Authenticity and modernism today

Authenticity is something of a hot-button issue for the creative world. For many creative enterprising individuals, the work they endeavour to put out into the world is what sustains them financially, so attempts to appropriate another’s art for the purpose of personal gain are widely reviled. If something is authentic it is simply not fake or fraudulent but now thanks to the internet, art is more visible to all than ever so it’s difficult to pass existing artwork or designs off as authentic without being called into question by the community.

The more divisive counterpart to authenticity is originality.
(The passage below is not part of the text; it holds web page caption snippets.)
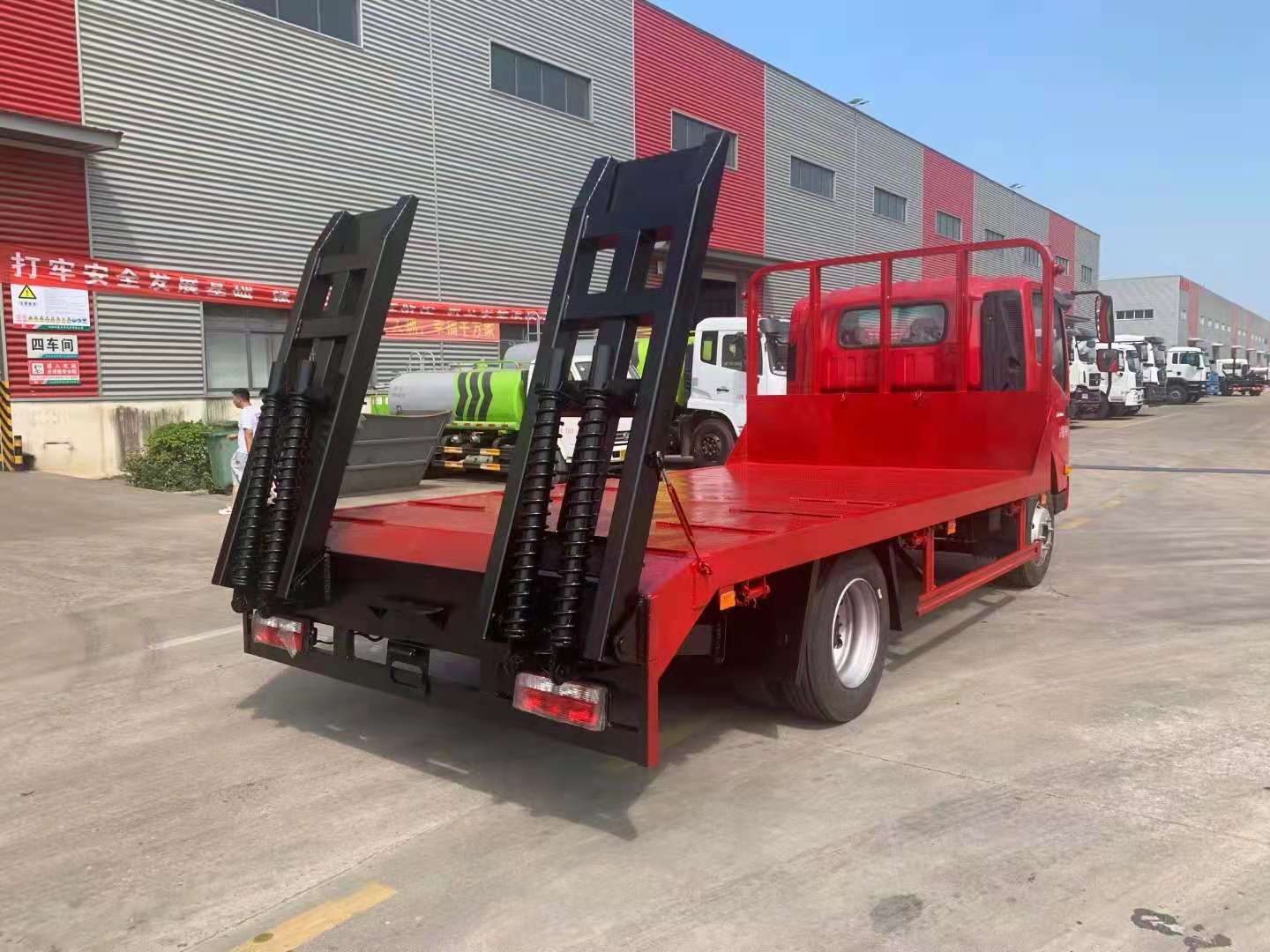 國(guó)六南駿黃牌平板運(yùn)輸車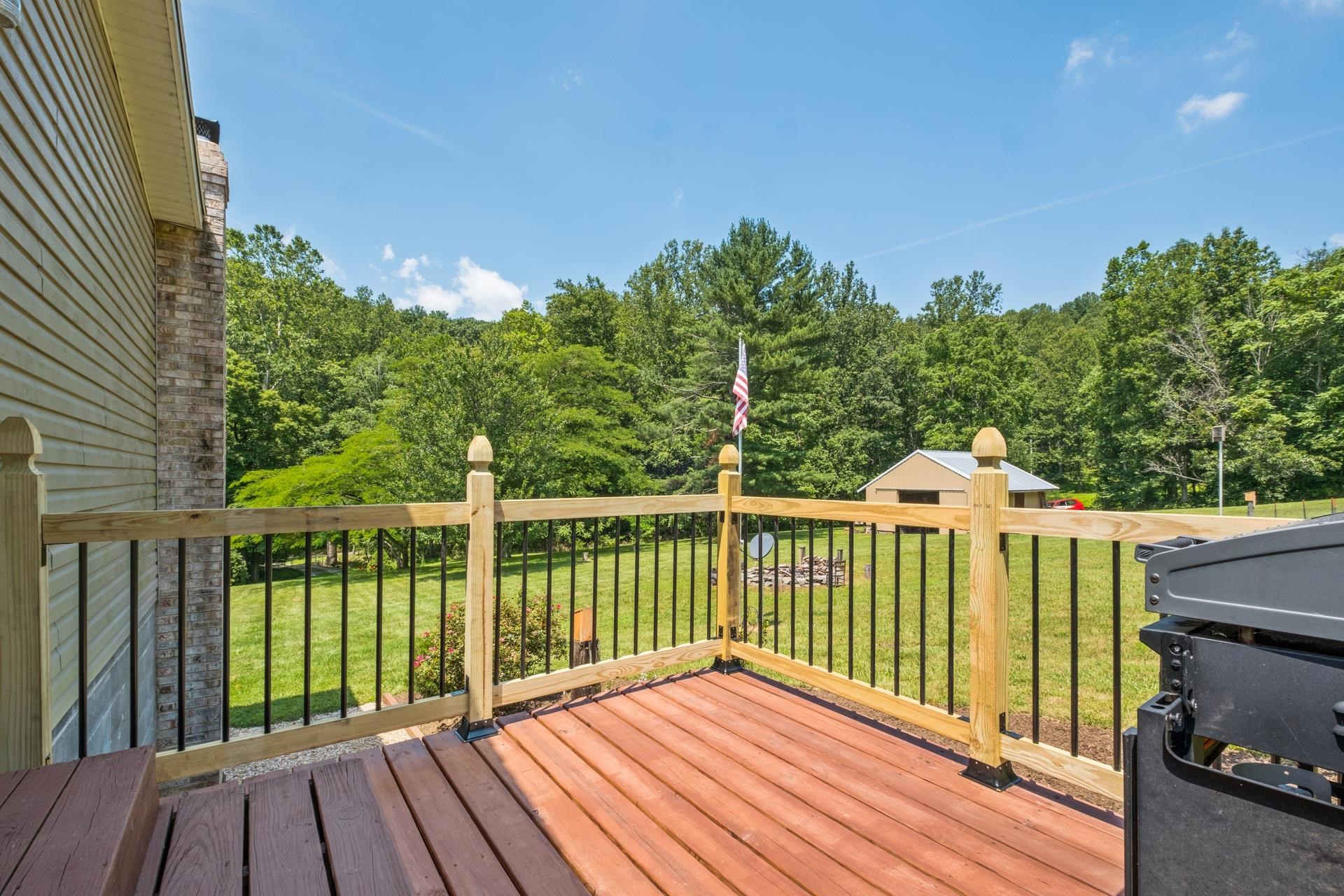 554 HARRIS COVE LN, ELKTON, Virginia 22827, 3 Bedrooms Bedrooms, ,2 BathroomsBathrooms,Residential,554 HARRIS COVE LN,666253 MLS # 666253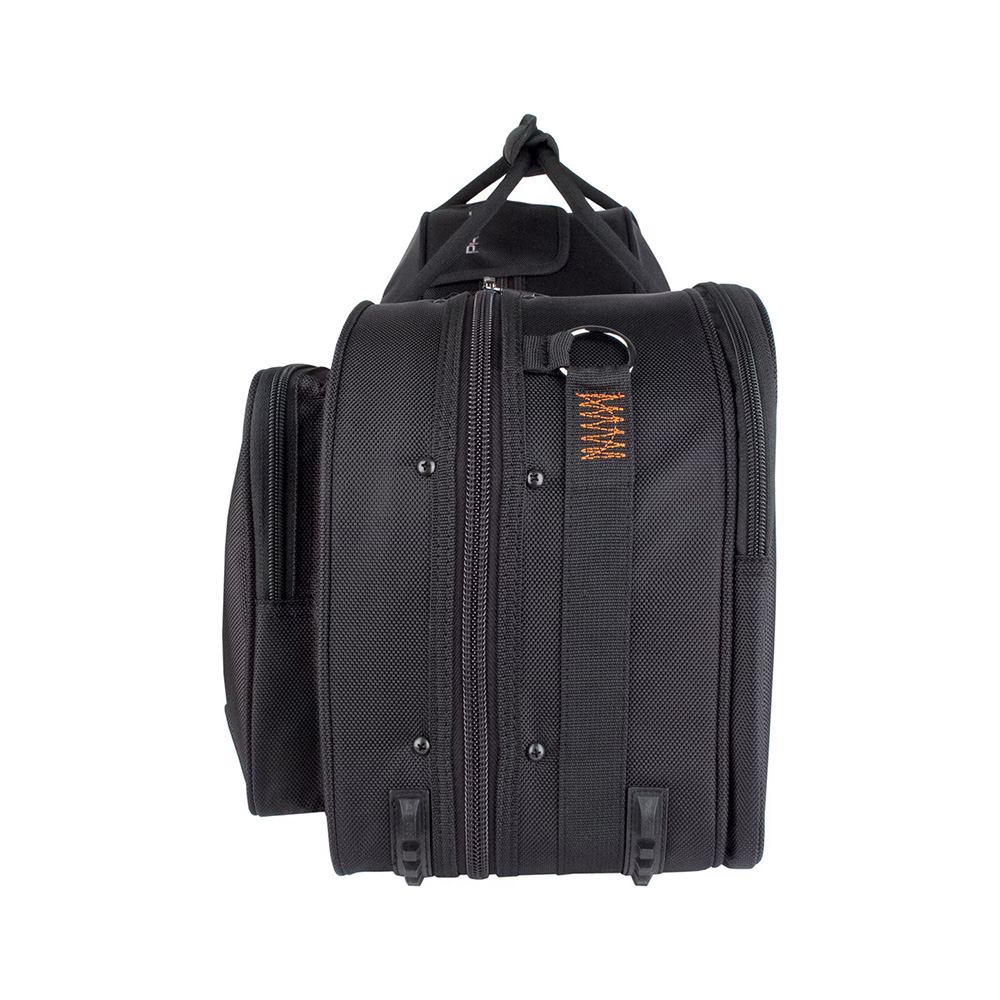 The Protec Propac PB311CT baritone saxophone case - the bottom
I believe the debate over what constitutes harmless inspiration or unfair appropriation is what remains more pervasive and significant in my time. This can lead to the question ‘is it possible to be truly authentic?’ or original for that matter. As designers we actively seek historical and contemporary sources of inspiration through research in order to learn to be design more effectively and create more interesting things. One can decide whether or not they want to borrow any kind of idea from past work they’ve seen and alter it enough to make it their own new thing. What is not decided is how knowledge attained and visuals experienced influences our ideas without us even knowing. True authenticity must be consciously strived for as it was by many modernist artists in the 20th century through the rejection of strict normality. Even today there are still boundaries to push and conventions to test and modernism remains a school of thought that artists can subscribe to in order to strive for authenticity.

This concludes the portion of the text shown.